──────── Material supplied
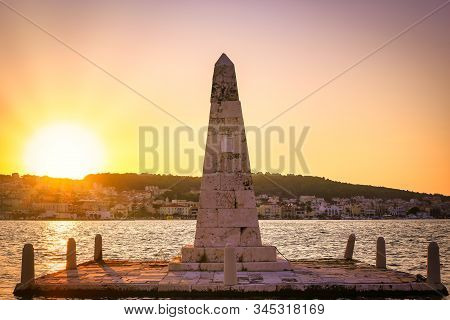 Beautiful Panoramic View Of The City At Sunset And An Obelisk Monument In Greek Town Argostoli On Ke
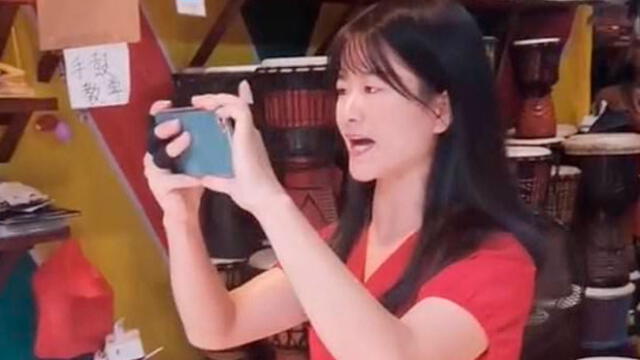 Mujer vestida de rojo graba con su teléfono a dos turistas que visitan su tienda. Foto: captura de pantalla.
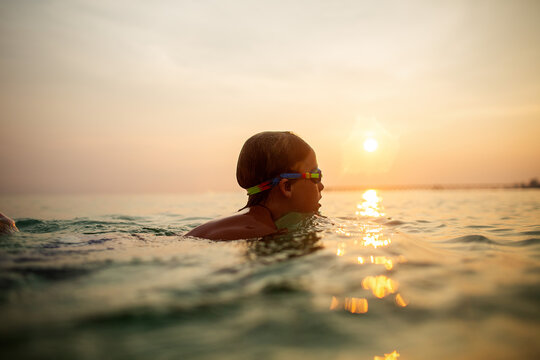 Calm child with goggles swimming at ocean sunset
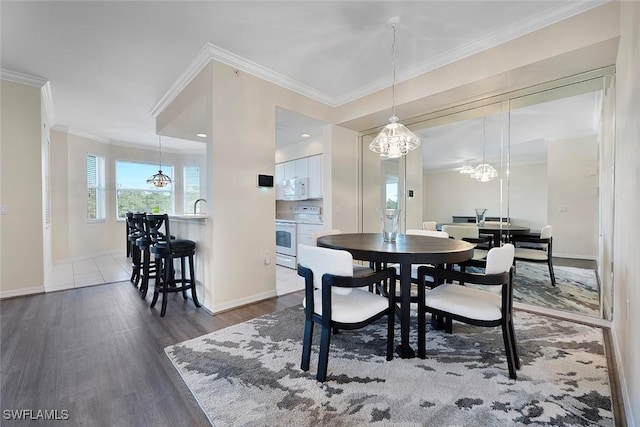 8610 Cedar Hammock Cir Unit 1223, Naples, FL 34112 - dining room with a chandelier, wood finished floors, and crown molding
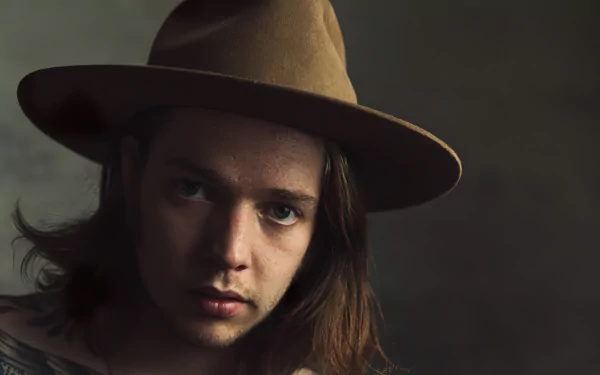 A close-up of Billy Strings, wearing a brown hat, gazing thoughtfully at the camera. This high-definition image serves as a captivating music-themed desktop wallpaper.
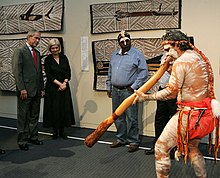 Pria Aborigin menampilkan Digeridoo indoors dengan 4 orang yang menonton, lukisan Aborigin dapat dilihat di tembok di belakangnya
────────────────
*Work instruction*. If pictures are present, they are dropped, and the entries above are written out word for word.

*Exercise solution*.
 Beautiful Panoramic View Of The City At Sunset And An Obelisk Monument In Greek Town Argostoli On Ke
 Mujer vestida de rojo graba con su teléfono a dos turistas que visitan su tienda. Foto: captura de pantalla.
 Calm child with goggles swimming at ocean sunset
 8610 Cedar Hammock Cir Unit 1223, Naples, FL 34112 - dining room with a chandelier, wood finished floors, and crown molding
 A close-up of Billy Strings, wearing a brown hat, gazing thoughtfully at the camera. This high-definition image serves as a captivating music-themed desktop wallpaper.
 Pria Aborigin menampilkan Digeridoo indoors dengan 4 orang yang menonton, lukisan Aborigin dapat dilihat di tembok di belakangnya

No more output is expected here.